*Work instructions*
Retype the records below exactly as given, but only from the first line through the line with "Iridescent Tablecloth Birthday", and without the pictures.

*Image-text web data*
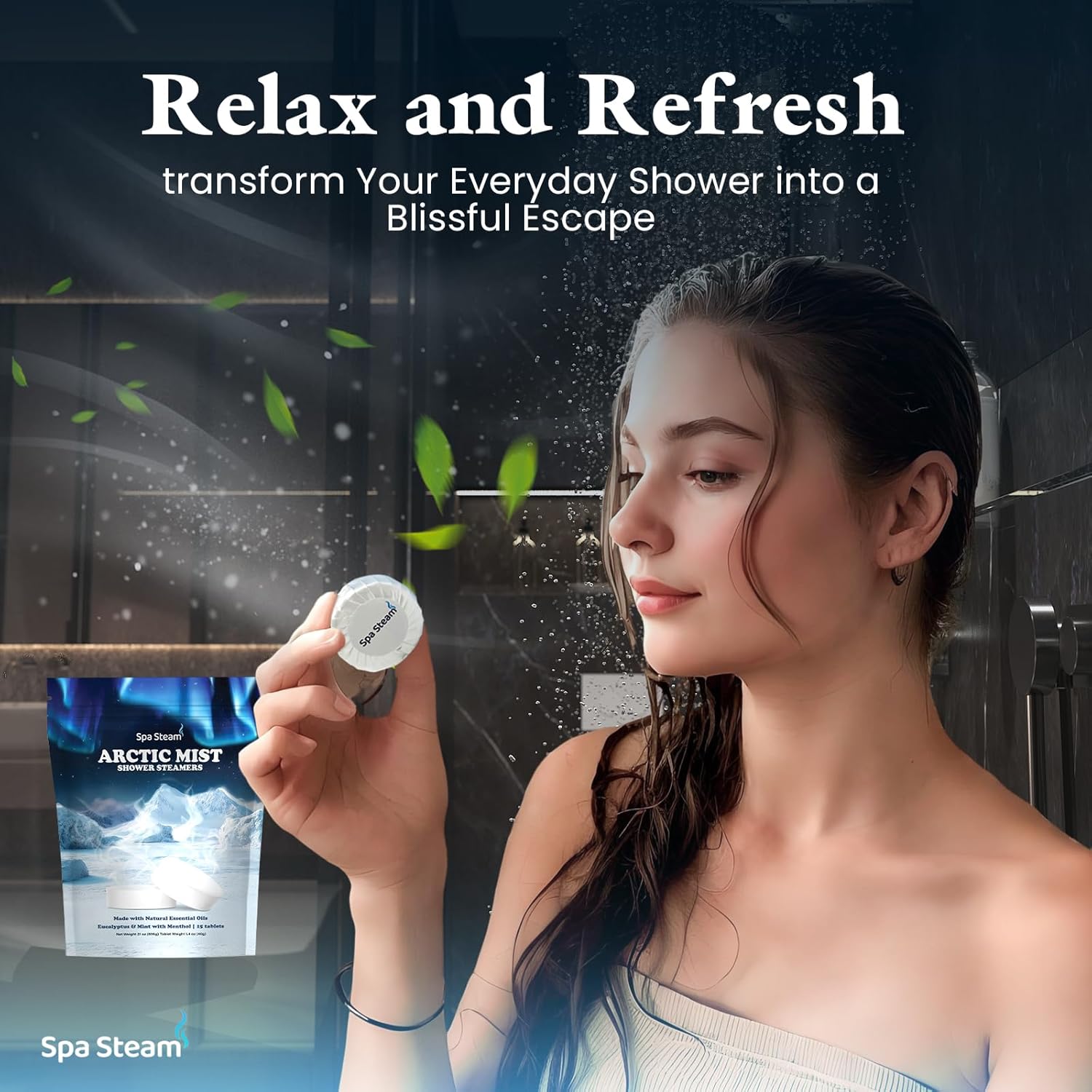 Shower Steamers Aromatherapy – Eucalyptus Mint & Menthol Shower Bombs with Essential Oils for Sinus Relief, Stress, Relaxation – Spa Gift Set for Women & Men – Natural Shower Tablets – 15-Pack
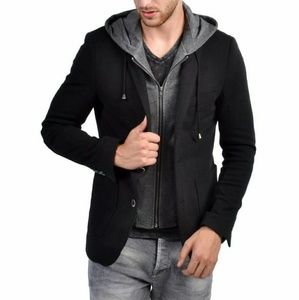 Projek Raw | Textured Blazer w/ Removable Hoodie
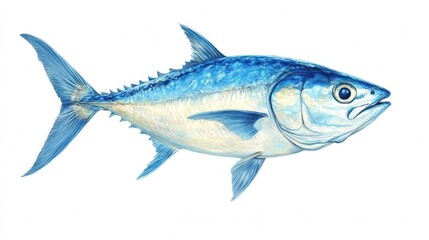 Obraz premium Blue-toned fish illustration, detailed aquatic life.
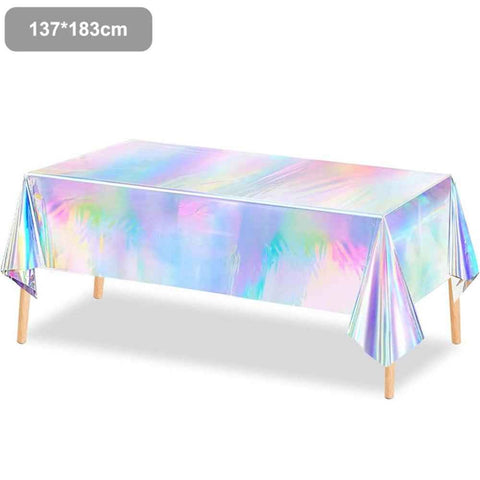 Iridescent Tablecloth Birthday Party Table Cloth Plastic Disposable Table Cover - 137x183cm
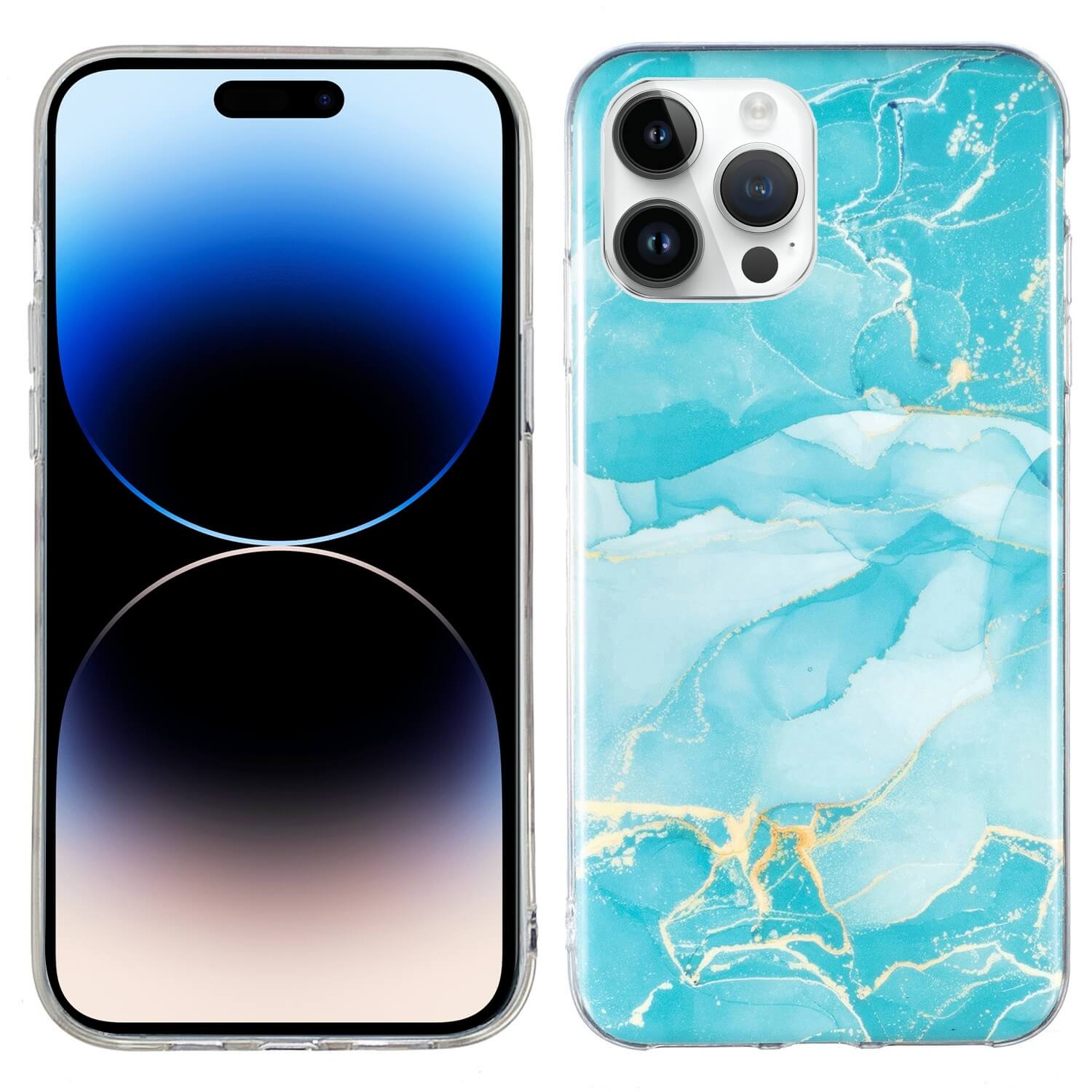 iPhone 14 Pro - Soft Rubber Case Marble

*Answer section*
 Shower Steamers Aromatherapy – Eucalyptus Mint & Menthol Shower Bombs with Essential Oils for Sinus Relief, Stress, Relaxation – Spa Gift Set for Women & Men – Natural Shower Tablets – 15-Pack
 Projek Raw | Textured Blazer w/ Removable Hoodie
 Obraz premium Blue-toned fish illustration, detailed aquatic life.
 Iridescent Tablecloth Birthday Party Table Cloth Plastic Disposable Table Cover - 137x183cm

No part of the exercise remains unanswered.